The Casualty Actuarial Society (CAS) launched course offerings at the end of 2016 to grant credentials in Predictive Analytics. Kudos to the CAS in creating this accreditation, but it is really a “better late than never” step versus a cutting edge change for actuaries. Reader’s Digest, a powerhouse magazine at the time, was doing the first business oriented predictive analytics in 1968!
The new credential is called the Certified Specialist in Predictive Analytics (CSPA) and requires the completion of two online courses, passing three exams and completing a case study project. These requirements are administered by the newly established CAS Institute (iCAS). The CAS hopes this Institute, while beginning with a credential in predictive analytics, will go on to develop credentials for catastrophe model analytics, capital modeling and quantitative reinsurance analysis. The CAS leadership recognized the opportunity to serve quantitative professionals in these complementary fields of advanced analytics and data science while maintaining its focus on credentialing property and casualty actuaries with the ACAS, FCAS and CERA professional accreditations.
Data Science Demand
Interestingly this “complementary” expertise is experiencing dramatic growth outside of the insurance industry. Popularly known as data science, the advent of accessible computing power to handle the “lakes” of internet data, even small firms are doing innovative and cutting edge analytics. Demand for this skill set within the insurance and risk industry is not “complementary” but becoming a requirement. Actuaries at almost every level will see broadened career opportunities through utilizing this broadened skill set . Many insurers report improved profitability after implementing predictive modeling into their process. This designation will help employers easily identify those that have the skills to assist in achieving that improved profitability.

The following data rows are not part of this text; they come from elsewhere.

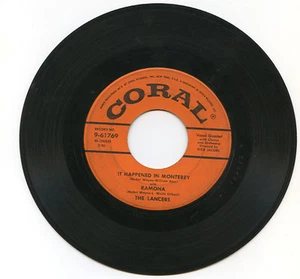LANCERS, THE, It Happened In Monterey / Freckled-Face Sara 1957 US Coral 45rpm - Picture 1 of 1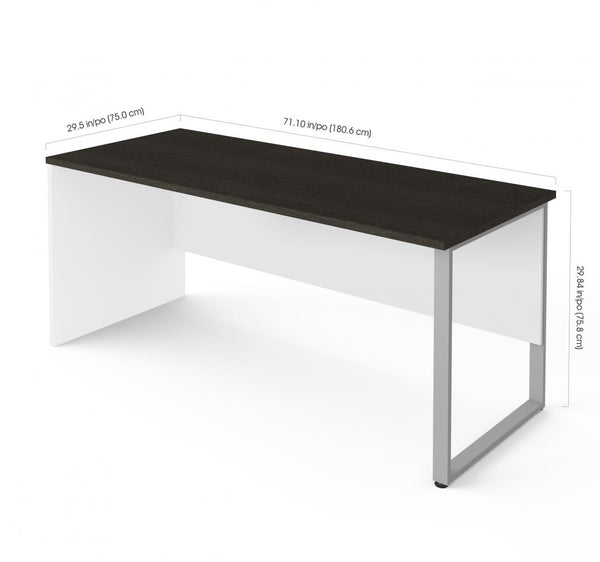 Table de bureau 72L avec patte de métal rectangulaire
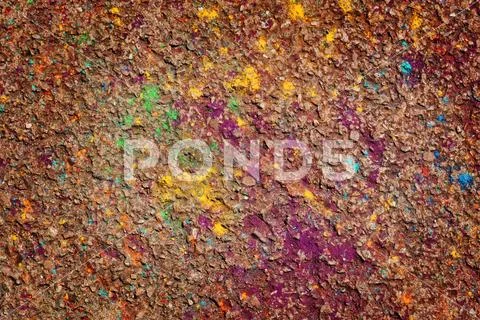 An artifacts on the asphalt after the Spring Festival of colors Stock Photos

For current associates or fellows in the CAS Society a waiver for some of the requirements can be obtained by examination. A partial waiver is possible for those holding a CPCU designation. But learning the foundational concepts for preparing and managing data and datasets that are to be use d in quantitative analyses and predictive modeling as well as the concepts, methods and tools used for statistical analyses and predictive modeling is almost as critical as proving to potential employers that you have actually applied these skills. The case study required for this credential is one step towards proving your real-world experience, but any projects or consulting assignments you can get with your current company, academia or other companies is critical to proving your value to a potential external employer.